The Lockheed Martin F-35 Lightning II is an American family of single-seat, single-engine, all-weather stealth multirole combat aircraft that is intended to perform both air superiority and strike missions. It is also able to provide electronic warfare and intelligence, surveillance, and reconnaissance capabilities. The aircraft has three main variants: the conventional takeoff and landing F-35A (CTOL), the short take-off and vertical-landing F-35B (STOVL), and the carrier-based F-35C (CV/CATOBAR).
It is operated by multiple militaries around the world, including all NATO members plus South Korea, Singapore, Japan, Israel, Australia and UAE.
The F-35’s advanced sensor package gathers and distributes more information than any fighter in history, giving operators a decisive advantage over all adversaries. Its tremendous processing power, open architecture, sophisticated sensors, information fusion and flexible communication links make the F-35 an indispensable tool in future homeland defense, joint and coalition irregular warfare, and major combat operations.
The F-35’s aligned edges, reduced engine signature, internal carriage of weapons and fuel and embedded sensors all contribute to its unique stealth performance. Its power source, the Pratt & Whitney F135 is the most powerful fighter engine in the world. With a top speed of Mach 1.6, the F-35 is a long range, supersonic fighter, even with a full complement of internal weapons and fuel. The F-35 has the ability to carry weapons internally in stealth configuration, or externally in permissive environments with greater than 18,000 pounds of total ordnance. It is also equipped with advanced electronic warfare capabilities allowing it to locate/track enemy forces, jam radars and disrupt attacks.

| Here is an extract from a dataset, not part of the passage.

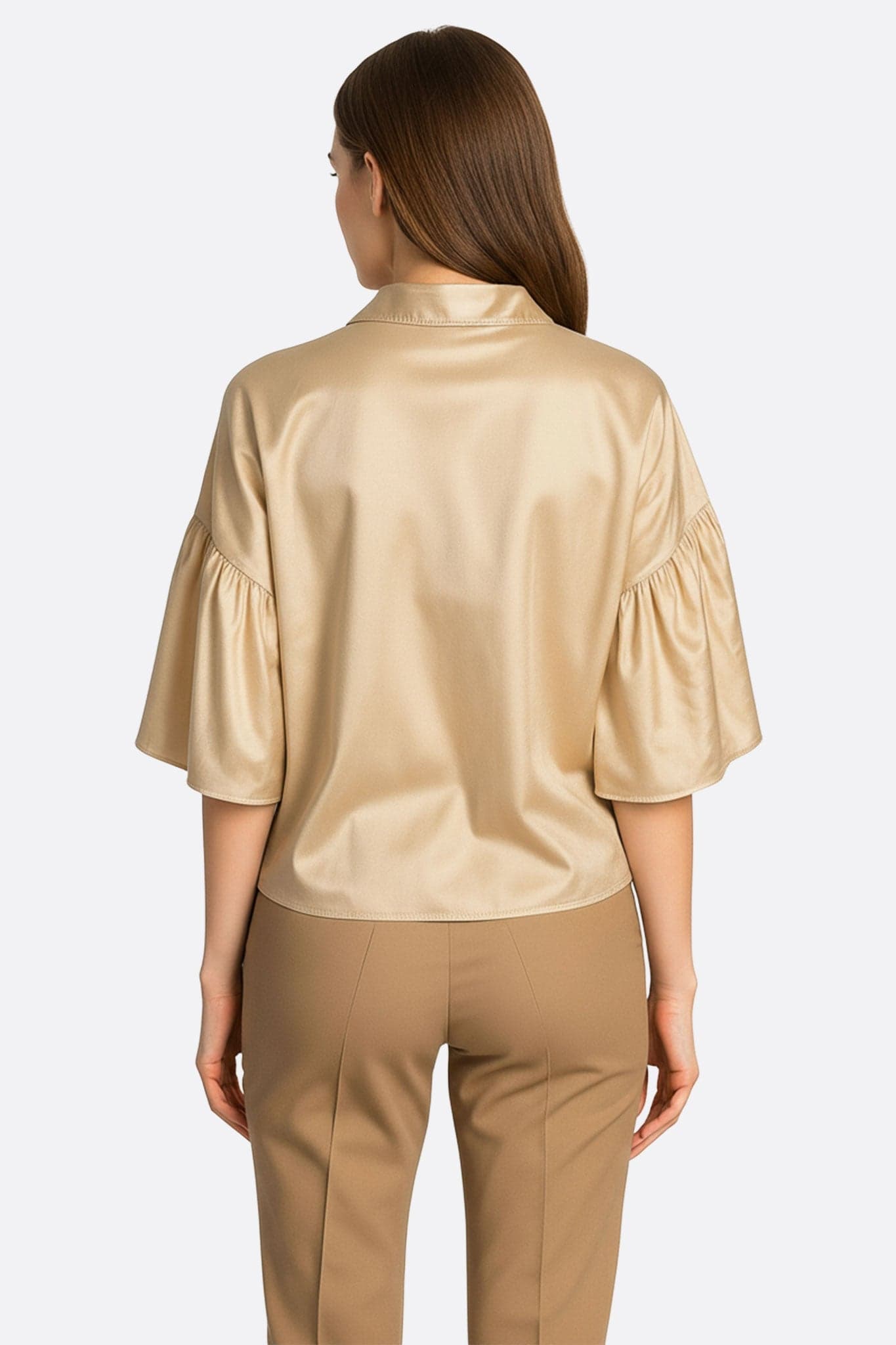 Zoom sur la chemise en satin beige à nouer, révélant une texture douce et lumineuse, parfaite pour un look raffiné au...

The technological advancement extends even to the pilot’s helmet as the F-35 Helmet is one of the most advanced pieces of technology on the planet. The information a pilot needs to complete any mission – airspeed, heading, altitude, targeting information and warnings — is projected on the helmet’s visor, rather than on a traditional Heads-up Display. This approach greatly reduces the pilot’s workload and increases responsiveness.